Making his screen debut, Iko Uwais stars as Yuda - a young man from rural Sumatra about to begin his merantau, a traditional rite of passage still very much in practice today in which young men are sent off to find their way alone in the big city, to experience new things and learn in a new environment and then - eventually - return home to enrich the local community with their new skills and perspective. The young man is full of hope and optimism but on his arrival he quickly learns how cold and harsh the city can be. The house he had arranged to stay in has been torn down, his prospective landlords having disappeared - presumably with whatever money he had paid them for rent. Totally alone, knowing nobody in the city and afraid to ask for help from home for fear of shaming his family, Yuda has no choice but to squat in a local construction site - a bad start to his journey. And things get worse. The next morning he is robbed by a young boy, the subsequent chase of whom leads him directly into a conflict with a local go-go bar owner beating and extorting money from one of his dancers. This is Yuda's introduction to Jakarta's seedy underworld, and his intervention will lead him on a path of ever-escalating violence.
Beautifully shot, Merantau begins with a very slow, measured pace. If not for the opening demonstration of Yuda's silat skills and later sparring match with his master the film could easily be confused with a domestic drama in the early going. Getting the family and cultural dynamics right is clearly important to Evans and crew, the film spending a significant amount of time in Sumatra before Yuda arrives in Jakarta - the energy and omnipresent concrete of the big city standing in stark contrast to his much more simple home life.
The film may ask for a bit of patience from its audience in the opening act but once the action arrives it comes fast and hard. The first hour teases with just the aforementioned demonstration sequences, a chase scene and Yuda's first encounter with local gangster Johni and then delivers up the full meal in the back half of the picture, the final hour and ten minutes rushing virtually non-stop between high energy, fight intensive set pieces. The fighting is very diverse with every sequence designed to showcase a different aspect of Yuda's skills, neatly balancing technical fighting with a touch of improvisational Jackie Chan style stunt work and raw ass kickery. Silat - at least the variant of silat employed here - is an unusual combination of hard and soft martial arts styles - the hands re-directing while the elbows and knees strike - and Evans shoots his fights with wide, long shots designed to both showcase the fighting style itself and the obvious skills of his star.
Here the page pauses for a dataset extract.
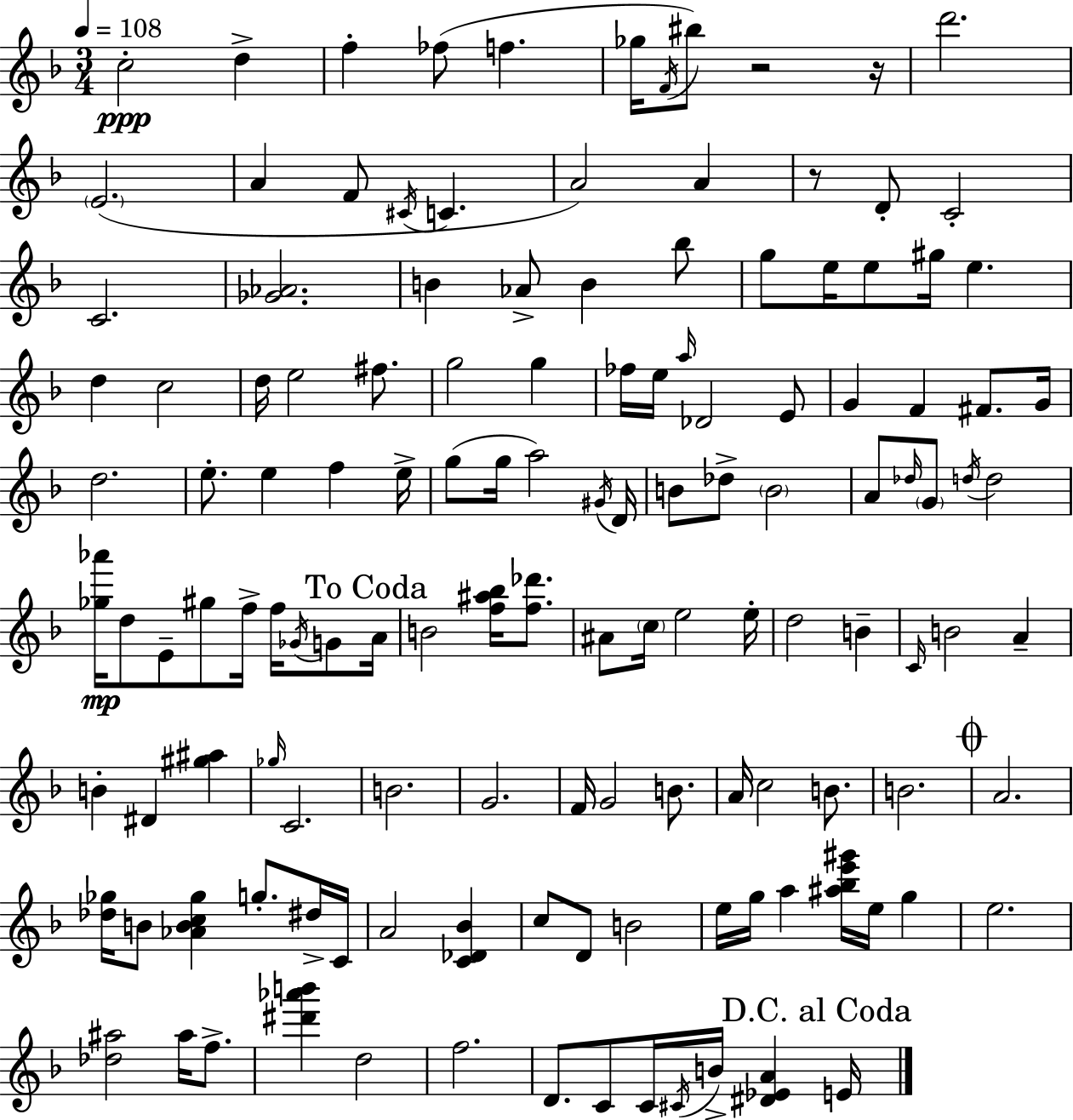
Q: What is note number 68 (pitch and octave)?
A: Gb4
Which leads us to Iko Uwais as Yuda. A first time actor who has trained in silat for over fifteen years, Uwais' fight skills have never really been in doubt, not since producers released a behind the scenes training video that showed his preparations for the film. The question was could he act. And the answer is a very resounding yes. Blessed with natural charisma and screen presence along with a script that plays to his natural strengths, Uwais is clearly a major star in the making - a fact borne out by the swarm of instant fans who came to him for autographs and photos not just after the film but for the remainder of the night. Thanks to some obvious physical similarities Uwais will likely field comparisons to Ong Bak's Tony Jaa for the rest of his career but Uwais has a comfort with himself on camera and an ease to his delivery that Jaa has never had.
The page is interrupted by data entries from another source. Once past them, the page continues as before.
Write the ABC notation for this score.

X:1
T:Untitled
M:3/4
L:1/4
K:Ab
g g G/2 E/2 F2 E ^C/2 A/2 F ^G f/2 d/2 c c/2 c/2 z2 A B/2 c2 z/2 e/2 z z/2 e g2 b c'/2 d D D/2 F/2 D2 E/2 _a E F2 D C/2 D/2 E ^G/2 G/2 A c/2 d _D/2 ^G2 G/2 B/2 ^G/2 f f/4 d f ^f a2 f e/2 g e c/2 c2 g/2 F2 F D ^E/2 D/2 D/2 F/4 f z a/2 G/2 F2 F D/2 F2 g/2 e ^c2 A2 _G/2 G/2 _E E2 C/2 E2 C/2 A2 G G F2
Boasting very strong technical values, a deceptively simple story that packs an emotional punch, and universally strong performances from a cast blending experienced actors with those making their screen debuts Merantau serves very loud notice that Indonesia is back in the action game, riding on the back of their first legitimate martial arts star since Barry Prima. This particular version of the film undoubtedly runs longer than what international audiences are used to, with a heavier emphasis on domestic drama in the early going, but with a shorter international cut currently in the works - at the time of this writing it looks as though that version will come in at one hour and forty six minutes - that issue should soon be disappearing.